Coopération entre les coopératives : comment peut-on renforcer l’intercoopération pour améliorer les produits et les services offerts par les coopératives ?

Ariel Guarco : De plus en plus de personnes sont soucieuses du développement durable de notre planète et de la qualité des aliments que nous consommons. De même, la conviction du besoin de changer notre façon de produire et de consommer ne cesse de grandir. Ce changement demande de mettre en place des modèles d’entreprise qui répondent aux nouvelles priorités et aux besoins de la population. Les coopératives se trouvent dans une position idéale pour apporter une réponse, à condition de savoir saisir les opportunités offertes par l’intercoopération. Pour garantir un produit ou un service respectueux de l’environnement et bon pour la santé, il faut mettre en place des chaînes de production et de consommation avec une responsabilité sociale. Et c’est là que doivent intervenir les coopératives, en garantissant un modèle durable à partir de l’intégration des consommateurs, des travailleurs et des producteurs. Il ne s’agit pas seulement d’intercoopérer pour baisser les coûts. Il s’agit d’intercoopérer pour pouvoir répondre à l’engagement envers l’avenir de notre planète.

Quels sont les principaux obstacles pour l’ACI à l’avenir, et comment envisagez-vous de les aborder pendant votre mandat en tant que président ?

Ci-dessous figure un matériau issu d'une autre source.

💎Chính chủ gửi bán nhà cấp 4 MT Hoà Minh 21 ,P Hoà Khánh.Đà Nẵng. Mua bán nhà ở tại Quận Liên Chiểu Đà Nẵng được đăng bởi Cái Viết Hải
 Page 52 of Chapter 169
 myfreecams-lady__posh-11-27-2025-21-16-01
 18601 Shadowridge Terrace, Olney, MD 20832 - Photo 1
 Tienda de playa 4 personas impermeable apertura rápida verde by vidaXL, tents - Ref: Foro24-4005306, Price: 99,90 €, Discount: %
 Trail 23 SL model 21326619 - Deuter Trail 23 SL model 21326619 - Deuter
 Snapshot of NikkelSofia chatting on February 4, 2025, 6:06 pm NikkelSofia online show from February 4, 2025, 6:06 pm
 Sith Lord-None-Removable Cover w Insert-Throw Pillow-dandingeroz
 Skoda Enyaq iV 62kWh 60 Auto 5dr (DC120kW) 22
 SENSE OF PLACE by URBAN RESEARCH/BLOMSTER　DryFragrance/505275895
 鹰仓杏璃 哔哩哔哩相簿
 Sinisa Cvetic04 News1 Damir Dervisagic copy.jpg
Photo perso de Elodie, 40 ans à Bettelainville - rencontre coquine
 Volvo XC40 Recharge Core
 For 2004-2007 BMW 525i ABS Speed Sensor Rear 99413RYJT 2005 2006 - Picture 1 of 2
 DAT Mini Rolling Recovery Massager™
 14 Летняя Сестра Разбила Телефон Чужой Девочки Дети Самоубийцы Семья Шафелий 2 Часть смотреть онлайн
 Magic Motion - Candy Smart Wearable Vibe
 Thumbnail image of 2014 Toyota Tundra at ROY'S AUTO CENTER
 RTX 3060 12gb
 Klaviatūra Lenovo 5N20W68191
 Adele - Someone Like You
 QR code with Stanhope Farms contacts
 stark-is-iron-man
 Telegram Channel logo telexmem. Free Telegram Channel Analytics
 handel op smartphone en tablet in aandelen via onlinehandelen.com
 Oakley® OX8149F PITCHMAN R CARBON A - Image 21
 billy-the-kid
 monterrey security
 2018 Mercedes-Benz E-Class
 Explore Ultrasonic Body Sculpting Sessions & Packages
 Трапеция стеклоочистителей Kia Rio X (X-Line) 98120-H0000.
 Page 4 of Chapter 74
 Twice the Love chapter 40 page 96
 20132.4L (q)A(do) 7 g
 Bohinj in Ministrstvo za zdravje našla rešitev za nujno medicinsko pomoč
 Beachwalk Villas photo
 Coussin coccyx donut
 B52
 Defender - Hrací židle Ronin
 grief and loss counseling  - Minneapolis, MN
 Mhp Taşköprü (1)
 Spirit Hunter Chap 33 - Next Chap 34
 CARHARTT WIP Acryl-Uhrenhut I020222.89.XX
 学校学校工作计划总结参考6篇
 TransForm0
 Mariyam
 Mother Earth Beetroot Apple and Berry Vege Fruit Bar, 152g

Ariel Guarco : Je préfère penser en termes de possibilités plutôt que d’obstacles. J’invite toujours à vivre dans la joie et l’enthousiasme la possibilité de travailler dans un mouvement qui, de par sa capacité à construire une économie au service de la communauté, peut changer le cap qui conduit à l’exclusion et à la dégradation de l’environnement, produit de la concentration économique et l’appât démesuré du gain. C’est cet enthousiasme qui nous permettra de mobiliser le mouvement coopératif dans le cadre d’une action mondiale qui placera au premier plan la réalisation des objectifs de développement durable fixé par l’Organisation des Nations Unies. Pour ce, il va falloir renouveler et élargir les mécanismes de participation de l’ensemble du mouvement qui convergent au sein de l’ACI. Chaque personne coopératrice doit sentir que, là où il se trouve, il contribue à la construction d’une autre économie, et que l’ACI fait tout son possible pour que son effort fasse partie intégrante d’un projet commun.